Das muss noch besser werden
Ohne Fehl und Tadel ist der Multiplayer aber nicht. Im Gegenteil, aktuell gibt es sogar noch zwei ziemliche Stimmungskiller. Da wäre zunächst mal der (auf Wunsch auch als Premiumvariante erhältliche) Battle Pass. Der wirkt nämlich wie das gesamte Progressionssystem des Multiplayers noch ziemlich unrund und schlicht zu langsam. Da XP nur über absolvierte Minimissionen ("Spiele 3 Matches", "erledige einen Ghost" etc.) gesammelt werden können und die Stufen zudem sehr groß sind, dauert es eine gefühlte Ewigkeit, bis der nächste Level erreicht ist, wo dann auch nur vereinzelt lukrative neue Items wie Rüstungsteile warten.

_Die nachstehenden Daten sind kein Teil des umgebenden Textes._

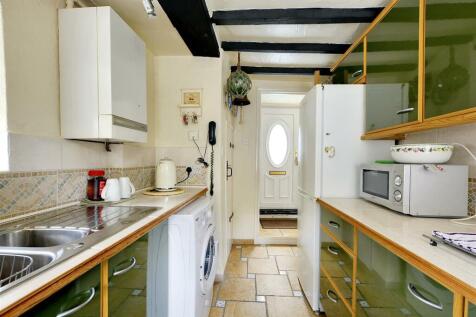 Kitchen_2.jpeg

Hier verpasst es Infinite, gerade Neueinsteiger*innen abseits des befriedigenden Gameplays mehr Motivationen durch Belohnungen zu geben. Und da die Anpassungsmöglichkeiten eures Spartans in der Theorie zwar groß, in der Praxis aber gerade anfangs unfassbar eingeschränkt sind - man kann nur ein paar Details und die Farbe der Rüstung wählen - will auch dieses Element noch nicht so richtig zünden, auch wenn euch 343 in der ersten Season wohl einige Rüstungen schenken wird.
Und zum anderen ist es ein großes Ärgernis, dass 343 Industries sowohl PC- als auch Konsolenspieler*innen über Crossplay zusammenwirft. Das ist prinzipiell nichts Schlechtes, da so schneller Lobbys gefüllt werden können. Doch wegen der noch fehlenden Einstellungsmöglichkeit für Beschränkungen auf ein bestimmtes Eingabegerät sieht man sich als Konsolero aktuell noch oft PC-Spieler*innen mit Maus und Tastatur gegenüber und hat dann in den meisten Fällen schlicht keine Chance. 343 Industries hat zwar angekündigt, diese Option zukünftig in den Ranked-Playlisten anzubieten, aktuell sorgt das Fehlen dieser Funktion allerdings für einigen Frust und damit für einen zweiten ordentlichen Kratzer in der ansonsten schon recht schick glänzenden Rüstung des Infinite-Multiplayers.